Taiko Voices Journal: The Pioneers

 

Photographs by Lisa Duncan Photography.

This is the second in a series of posts by Heidi Varian, Project Coordinator for Taiko Voices, the 50th Anniversary Song Commission sponsored by TCA.

FEBRUARY: The Pioneers

The memorandum of understanding for the Taiko Voices project included an inspiration session to aid in the creation of the piece. A day was selected for the chosen composers – Franco Imperial, Kate Meigneux, Ryan Kimura – to spend bonding time with the pioneers of taiko over lunch and conversation at the San Francisco Taiko Dojo’s studio – Directors Emeriti PJ and Roy Hirabayashi, senior member Qris Yamashita, and Grandmaster Seiichi Tanaka, respectively. Ryuma Tanaka facilitated the event, which was both filmed and audio recorded.

The composers had originally prepared interview questions for their respective group members and now distilled those answers and created special interviews for the pioneers.

The Interviews

The pioneers talked about motivations. Roy reflected on a love of jazz and the inspiration of his experience as a horn player. PJ related her love of dance. In another context, Qris mentioned that her favorite place to play taiko is at temple. Each answer reflects the importance of taiko in shaping identity, helping to restore a unique Japanese American voice in the roaring incarceration silence of a post-war American landscape.

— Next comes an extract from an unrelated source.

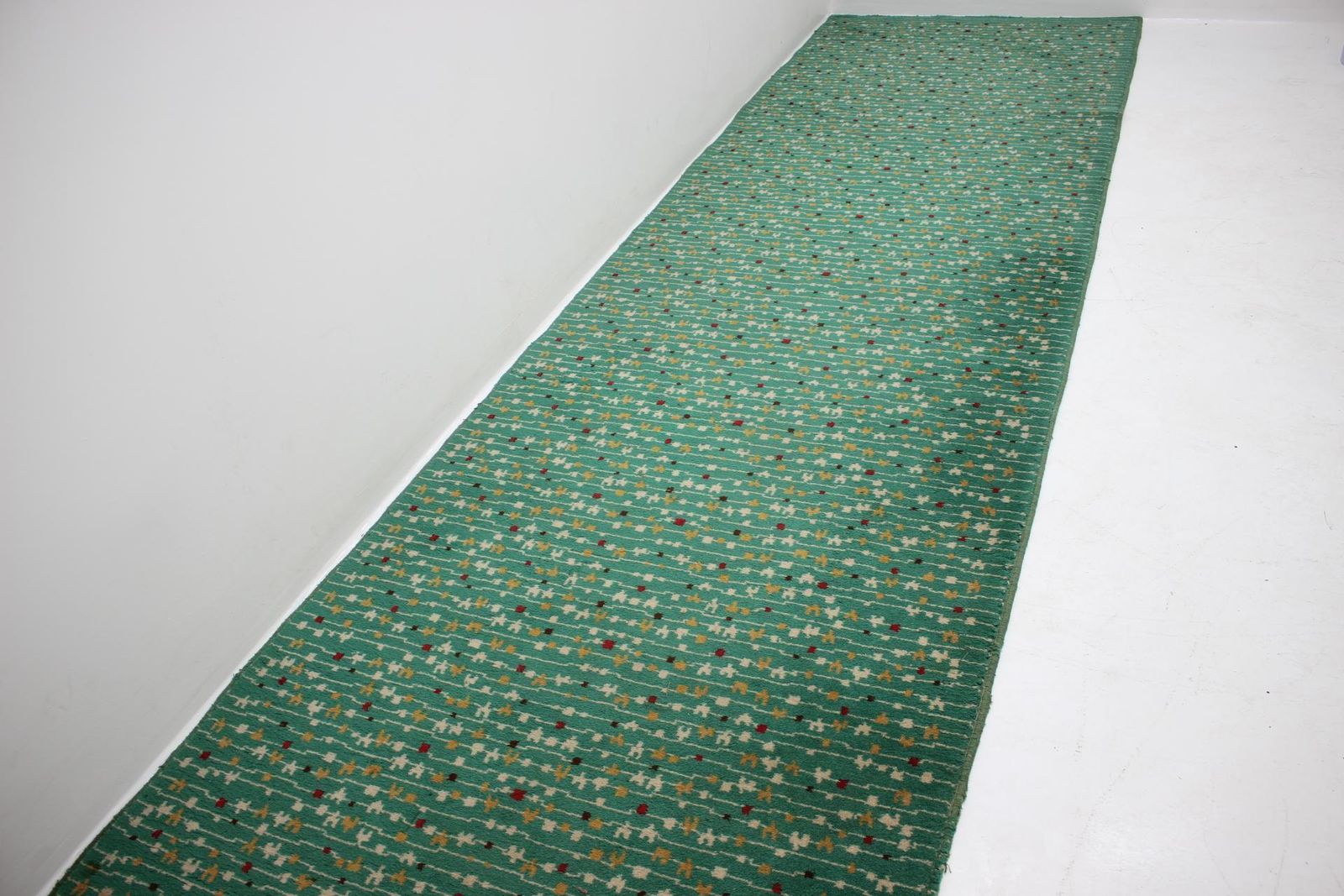 Midcentury Design Organic Carpet Or Rug, 1960s photo Textiles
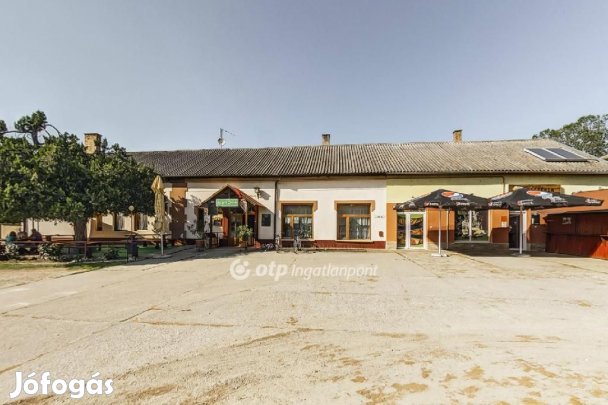 280 nm-es kocsma eladó Dávod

Japanese national Tanaka Sensei was a young boy in Nagano Prefecture at the end of WWII. His response – “I had nothing else, knew nothing else to do when I got to America.” Only a few years older, his options and life choices were fewer and less free.

Inspiration

Today, a large segment of taiko is played by collegiate groups. There are community groups and temple-affiliated groups and professional performing groups and youth groups – a diaspora of a continually evolving genre. Which is why the composers and grant coordinator believed the inspiration phase of the project – honoring the pioneers, the ancestors, and tradition – was so important to the creation of the piece.

“What would you like to see for the future of taiko?” With the diversity of styles and teaching methodologies and personal philosophies, you would think that this question would elicit a myriad of dreams and desires and aspirations. But the consensus was unanimous – build a community and play with joy.